Freshwater: Hearing testimony ends!

After 21 calendar months, 39 (by one count) actual days of sessions, and over $700,000 in expenses and still counting, the administrative hearing on the termination of John Freshwater finished taking testimony today. We fell a day short of the length of the Kitzmiller v. Dover ASD trial but we may yet exceed its $1M total cost–the $700K doesn’t include Freshwater’s legal costs and there’s still a goodly amount of attorney work yet to do before it’s over.

Today concluded the Board’s rebuttal case. The sole witness was Steve Short, Superintendent of the Mt. Vernon City Schools. However, the day couldn’t start without one last attempt to stir up a pseudo-controversy by R. Kelly Hamilton, Freshwater’s attorney. Before the hearing started this morning he asked the referee to close the hearing to the public on the grounds that some unidentified person was surreptitiously recording the proceedings in violation of the referee’s order (from October, 2008) against electronic recording. The referee declined to do so, contenting himself with reiterating the earlier prohibition.

More below the fold

Recall that the purpose of the rebuttal phase is to enable the Board to address specific allegations or claims raised by the defense in the course of its presentation. Today’s testimony was basically a walk-through of defense claims about the treatment of Freshwater in the period preceding his April 16, 2008, appearance on the public square; about alleged discriminatory treatment of Freshwater as compared with the treatment of other teachers; and about the handling of the materials taken from Freshwater’s classroom after he was suspended in July 2008, along with some miscellany.

Steve Short Direct

David Millstone, the Board’s attorney, began Short’s direct examination by tracing the course of materials removed from Freshwater’s classroom in August, 2008, following the Board’s Jul 2008 suspension (pdf of meeting minutes) of Freshwater’s teaching contract. Short testified that he instructed the head of maintenance to have the material packed in boxes and removed, and approximately four custodians did the job, moving the stuff to the former director of business administration’s office in the central office building. After it was moved, Short asked the maintenance supervisor if everything had been moved, and was told there was some “junk” in what has been called the “rat hole,” a space below a staircase in the middle school. Short gave instructions that it be also moved to central office, and a day or two later it was. Some time back Hamilton had made a big deal about Freshwater’s stuff in the “rat hole” being accessible to anyone for some time, and hence hinted that the evidence had been tampered with. Short’s testimony rebuts those claims.

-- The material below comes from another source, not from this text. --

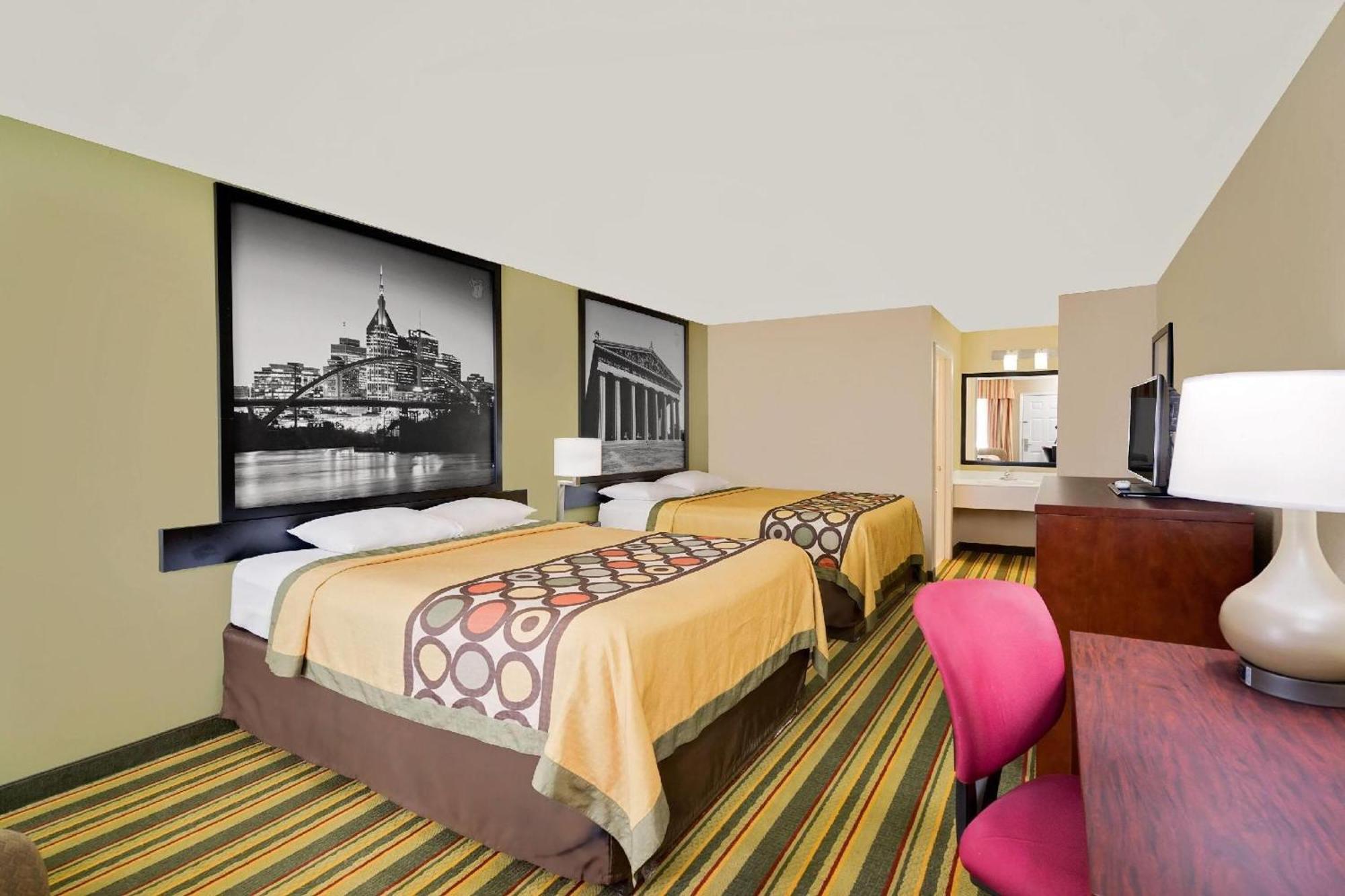 Queen Room Two Queen Beds Non-Smoking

We went on to the numbering of the boxes, also claimed by Freshwater to indicate tampering. It turns out they were numbered by the legion of lawyers tramping through them, an explanation bolstered by an affidavit from one of the lawyers involved at that time. Discrepancies between the date of claimed boxing up and packing slip dates on two boxes were explained by repacking after the original boxes deteriorated due to the load of contents. Another Hamiltonian conspiracy theory bit the dust.

Short also explained why two documents marked “bd ex 22” and “bd ex 99”, both exhibits introduced during the hearing as Board Exhibits, were later found in the boxes with those stamps. Turns out the documents had been removed from the boxes to be entered into evidence, but copies weren’t made before they were returned to the boxes and thus copies with the markings were put back in the boxes. An oversight, to be sure, but not ‘tampering’ in the sense Hamilton wanted.

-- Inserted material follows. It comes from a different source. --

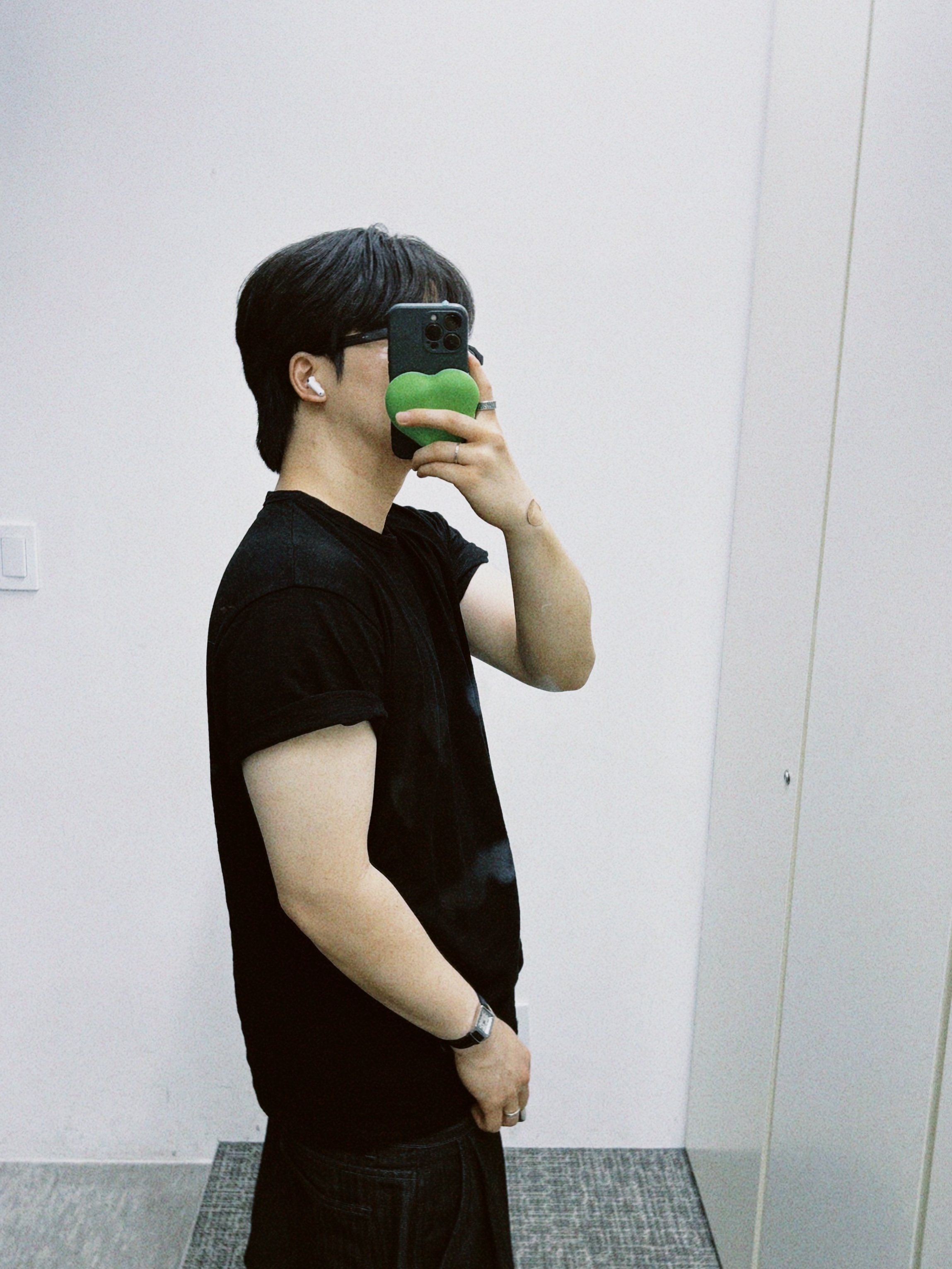 Balenciaga Rubber Space Shoe Matte Black, GRAGG MAGSAFE FLOW HEART BATTERY [9 COLOR] 착용 스타일 - 4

We heard about several documents entered into evidence that Hamilton and Freshwater said they couldn’t find in the material when they examined it in January 2010. In all cases Short testified that the documents came from that material.

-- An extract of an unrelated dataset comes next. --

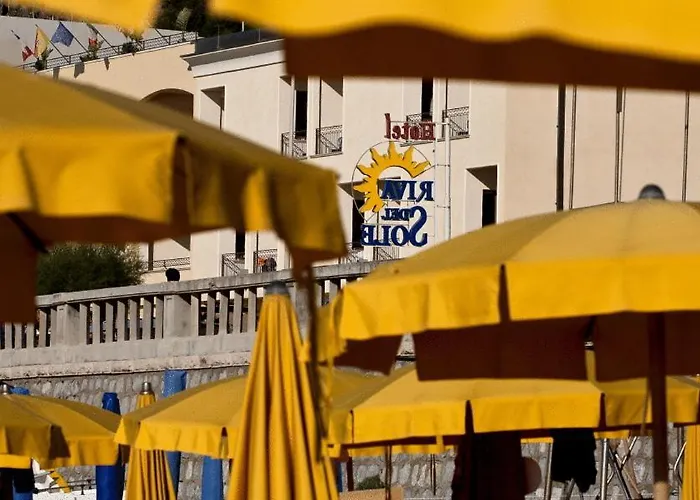 Riva Del Sole تْشيفالو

Millstone asked Short about the 5 “armloads” of material he gave to Freshwater from the material in the central office. Short testified that Freshwater called him to ask for his personal property from his room. Short went through the room full of materials and got the 5 armloads to give to Freshwater. Millstone introduced an inventory Short made as he removed material from that stored.

In a series of questions, Millstone had Short compared the inventory to photographs claimed to be of the material that had been submitted as part of an affidavit from Freshwater, photographs that purported to show the materials returned to Freshwater by Short. In many cases the objects and documents in the pictures did not appear on Short’s inventory. We walked through 22 photographs. Of those, Short recognized just a few objects–3 or 4–as having been inventoried and returned to Freshwater. Millstone had Short identify a long list of objects and documents on his inventory that did not appear in the photographs in Freshwater’s affidavit.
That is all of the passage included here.